The “dynamic conversations” Barlow desires are made possible by the very practices that he seeks to diminish: robust engagement with text. Complex and nuanced discussion is produced by facilitating deep textual analysis, deconstructing not only what is said, but how it is said, extracting meaning while also revealing how meaning can be manipulated and changed. This is reading done well — a series of layered interactions, critiques and analyses. Loving to read will not get us there.
Barlow’s ideas about what training is necessary to be ready for college appears to be in the same vein as “learning for learning’s sake.” Or, perhaps more appropriately in this case: reading for reading’s sake. This is a convenient position since stakes for him are nil. If his students are unprepared, or love reading but are simply poor at the companion skills of analysis, critique and writing, he can continue on with those few who are ready. At worst, his job is a little harder. I encourage Barlow to consider that these standards do not exist for him, but for students who are habitually underserved and underprepared by the current education system both at the secondary and postsecondary level.

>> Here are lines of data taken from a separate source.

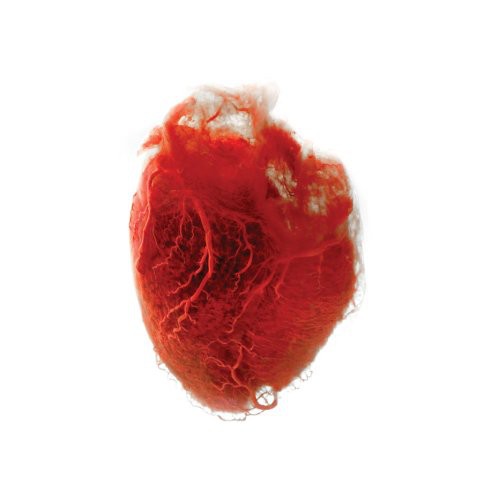 Akron/Family: Love Is Simple {Vinyl LP}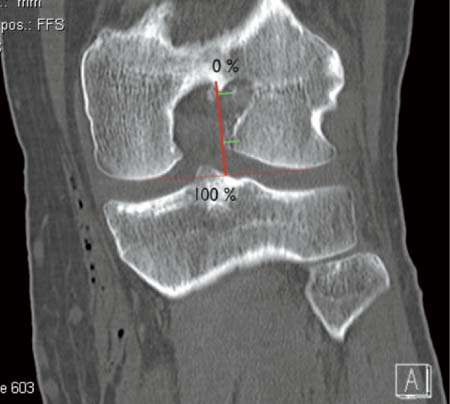 Figure 1. Measurement of the femoral tunnel on the coronal CT reconstruction, performed according to Hoser et al. (Citation2005). The tunnel is measured in comparison to the line perpendicular to the most distal points of the femoral condyles. The measurement is compared to the line from the intracondylar roof to the distal femoral condyles.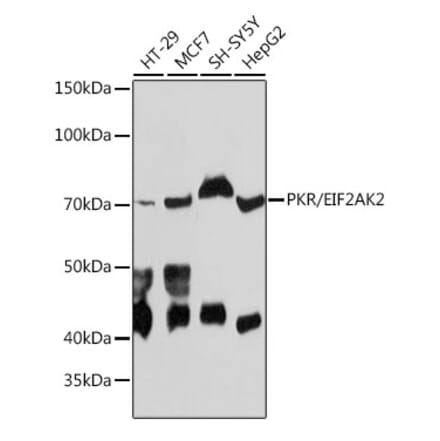 Western Blot - Anti-PKR Antibody [ARC0024] (A306137) - Antibodies.com
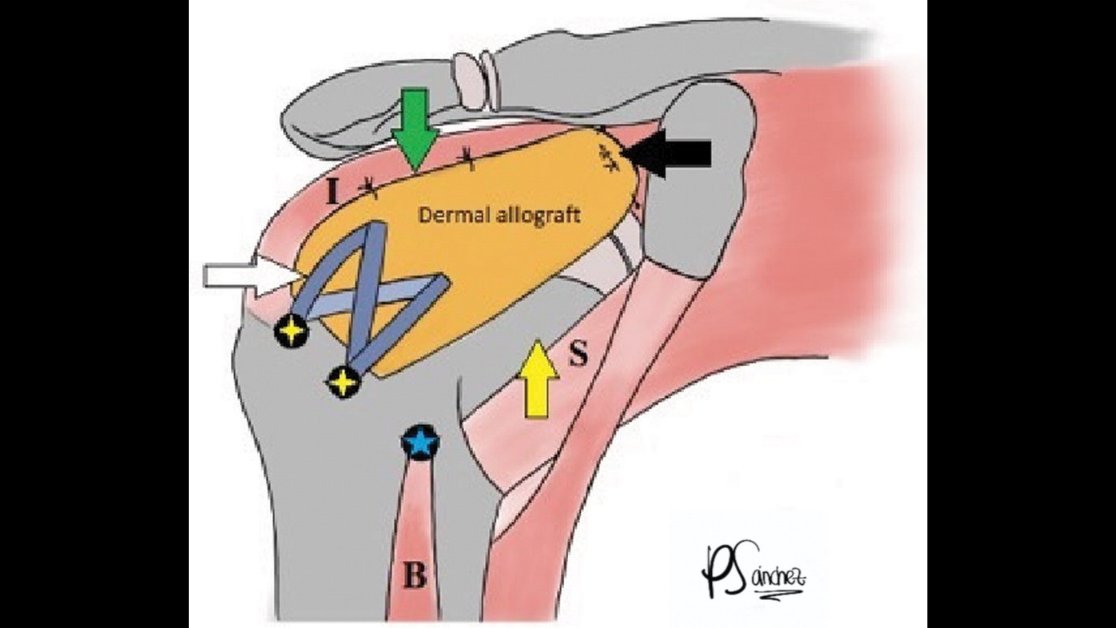 Does your patient have a #rotatorcufftear that is not amenable to primary repair or arthroplasty? Superior capsular reconstruction may be the best option—if specific tissue quality and tear type criteria are met. bit.ly/32Ljvm1 #MSKRad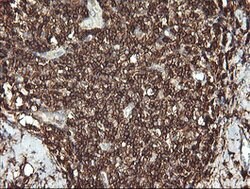 PTPRC Mouse anti-Human, Clone: OTI3D8, lyophilized, TrueMAB 100 &mu;g;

Not only are students grossly underprepared to be successful at the New York City College of Technology, the college has a poor record of serving its students once they arrive on campus. The majority of students who attend are low-income (73%) and students of color (64%), and many are nontraditional students or attend only part-time. These are the students that were failed by the public K-12 system. They were never taught to anywhere near the rigor of the Common Core, attended segregated and under-resourced schools, and were disproportionately taught by out-of-field, unlicensed or inexperienced teachers.
The New York City College of Technology fails them again. After four-years nearly 30% of them will have transferred and only 3% will have graduated. After 6 years, 24% will have walked across the stage.
Barlow is right to worry that students are not ready for college—even one as low quality as his—but how dare he stand in the way of meaningful academic progress for students. The status quo is not working for millions of students, and despite his privileged nostalgia for a time immemorial, when joyful reading translated to success, the Common Core will have tangible benefits for all students, but particularly those who are underserved by public education time and time again.